🔗 Outline

🔗 Planning for the Future of MABE2: A Summer of Documentation and Testing

Hello! This summer we (Lanea Rohan, ‘22 Grinnel College, and Aria Killebrew Bruehl, ‘23 Reed College) participated in the WAVES workshop through Michigan State University. We dedicated our summer to documenting and testing MABE2, an open-source research platform that provides accessible tools for conducting evolutionary computation and digital evolution research. This project was guided by our wonderful mentors Acaica Ackles (documentation) and Austin Ferguson (testing).

🔗 Why Document and Test Code

The Digital Evolution Lab has spent countless hours developing MABE2 and preparing for its release. Proper documentation and testing are essential for ensuring that MABE2 is accepted into and used by as large of a community as possible. Write the Docs, “a global community of people who care about documentation”, puts the importance of proper documentation quite plainly:

If people don’t know why your project exists, they won’t use it. If people can’t figure out how to install your code, they won’t use it. If people can’t figure out how to use your code, they won’t use it.

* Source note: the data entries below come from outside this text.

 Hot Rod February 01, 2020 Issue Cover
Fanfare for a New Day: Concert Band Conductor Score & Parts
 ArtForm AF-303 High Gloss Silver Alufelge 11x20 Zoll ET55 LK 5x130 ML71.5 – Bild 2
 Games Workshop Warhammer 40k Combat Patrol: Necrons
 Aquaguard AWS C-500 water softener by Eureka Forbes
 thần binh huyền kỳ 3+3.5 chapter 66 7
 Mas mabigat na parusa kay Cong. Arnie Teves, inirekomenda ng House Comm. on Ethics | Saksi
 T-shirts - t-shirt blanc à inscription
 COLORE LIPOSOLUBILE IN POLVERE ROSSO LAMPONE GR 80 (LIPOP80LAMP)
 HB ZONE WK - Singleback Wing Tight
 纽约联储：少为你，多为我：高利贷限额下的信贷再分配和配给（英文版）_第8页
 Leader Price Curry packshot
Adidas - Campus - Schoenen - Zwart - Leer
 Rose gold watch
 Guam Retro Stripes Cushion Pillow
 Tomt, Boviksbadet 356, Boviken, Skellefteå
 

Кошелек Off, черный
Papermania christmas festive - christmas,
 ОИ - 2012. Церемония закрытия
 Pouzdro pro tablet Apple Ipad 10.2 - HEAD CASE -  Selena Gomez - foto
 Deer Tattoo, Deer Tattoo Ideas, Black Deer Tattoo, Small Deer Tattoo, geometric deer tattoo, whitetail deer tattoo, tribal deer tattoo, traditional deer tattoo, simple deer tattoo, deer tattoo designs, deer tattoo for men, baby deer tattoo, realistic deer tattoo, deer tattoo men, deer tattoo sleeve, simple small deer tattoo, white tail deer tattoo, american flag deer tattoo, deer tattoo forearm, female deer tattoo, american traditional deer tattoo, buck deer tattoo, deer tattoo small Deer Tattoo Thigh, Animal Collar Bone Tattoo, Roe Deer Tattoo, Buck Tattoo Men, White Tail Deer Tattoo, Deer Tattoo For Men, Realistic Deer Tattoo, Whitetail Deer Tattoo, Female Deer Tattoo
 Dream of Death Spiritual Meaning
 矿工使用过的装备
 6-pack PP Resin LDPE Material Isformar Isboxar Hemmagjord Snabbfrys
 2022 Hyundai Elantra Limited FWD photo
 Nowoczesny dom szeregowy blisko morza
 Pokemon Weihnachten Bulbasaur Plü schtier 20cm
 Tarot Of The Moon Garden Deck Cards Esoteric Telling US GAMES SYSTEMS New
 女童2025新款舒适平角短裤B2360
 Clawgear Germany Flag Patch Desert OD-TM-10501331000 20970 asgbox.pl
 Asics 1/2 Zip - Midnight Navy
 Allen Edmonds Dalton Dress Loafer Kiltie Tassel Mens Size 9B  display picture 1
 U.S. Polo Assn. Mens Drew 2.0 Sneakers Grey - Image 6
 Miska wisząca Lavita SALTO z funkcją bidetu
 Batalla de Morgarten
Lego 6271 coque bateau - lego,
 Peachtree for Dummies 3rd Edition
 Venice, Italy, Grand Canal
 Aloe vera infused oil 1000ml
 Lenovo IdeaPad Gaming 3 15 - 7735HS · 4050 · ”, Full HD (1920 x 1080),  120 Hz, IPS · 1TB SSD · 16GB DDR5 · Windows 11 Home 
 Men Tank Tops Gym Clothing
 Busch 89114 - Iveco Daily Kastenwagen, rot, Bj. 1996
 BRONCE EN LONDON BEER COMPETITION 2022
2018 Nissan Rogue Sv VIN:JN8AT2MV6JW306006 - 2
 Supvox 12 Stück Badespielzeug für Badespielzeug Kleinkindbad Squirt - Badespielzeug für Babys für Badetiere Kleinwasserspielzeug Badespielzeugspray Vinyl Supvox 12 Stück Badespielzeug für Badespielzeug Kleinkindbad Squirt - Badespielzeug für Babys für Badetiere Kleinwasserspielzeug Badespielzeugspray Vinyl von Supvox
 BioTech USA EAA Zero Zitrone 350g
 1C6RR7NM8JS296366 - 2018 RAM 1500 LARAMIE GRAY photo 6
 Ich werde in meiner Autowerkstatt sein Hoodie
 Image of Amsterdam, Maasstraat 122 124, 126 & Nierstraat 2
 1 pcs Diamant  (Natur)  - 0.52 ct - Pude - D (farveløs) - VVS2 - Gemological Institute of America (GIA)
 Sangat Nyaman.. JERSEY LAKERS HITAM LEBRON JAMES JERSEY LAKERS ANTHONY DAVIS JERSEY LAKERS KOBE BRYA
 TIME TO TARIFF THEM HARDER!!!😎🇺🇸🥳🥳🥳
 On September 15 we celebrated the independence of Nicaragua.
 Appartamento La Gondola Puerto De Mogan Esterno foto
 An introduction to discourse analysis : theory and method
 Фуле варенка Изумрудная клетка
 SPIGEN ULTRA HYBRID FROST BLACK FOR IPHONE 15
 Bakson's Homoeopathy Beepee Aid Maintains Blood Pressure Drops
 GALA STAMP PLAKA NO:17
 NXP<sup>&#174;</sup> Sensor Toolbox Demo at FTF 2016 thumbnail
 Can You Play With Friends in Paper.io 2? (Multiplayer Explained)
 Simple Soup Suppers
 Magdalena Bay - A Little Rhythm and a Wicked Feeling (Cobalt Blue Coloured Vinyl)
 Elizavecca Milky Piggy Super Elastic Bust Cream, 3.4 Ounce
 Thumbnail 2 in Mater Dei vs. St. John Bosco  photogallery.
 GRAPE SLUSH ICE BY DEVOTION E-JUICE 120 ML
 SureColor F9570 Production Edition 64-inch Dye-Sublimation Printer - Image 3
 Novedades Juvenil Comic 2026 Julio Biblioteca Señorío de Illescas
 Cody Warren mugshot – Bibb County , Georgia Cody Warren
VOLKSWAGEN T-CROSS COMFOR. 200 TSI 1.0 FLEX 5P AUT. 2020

This is particularly important for the end-users of MABE2, especially those with less coding experience, who want to quickly run experiments without having to understand complex source code. Documentation is also important for the users who want to write their own modules or otherwise contribute to this software. Write the Docs stresses the importance of documentation for potential contributors:

You only get contributions after you have put in a lot of work. You only get contributions after you have users. You only get contributions after you have documentation.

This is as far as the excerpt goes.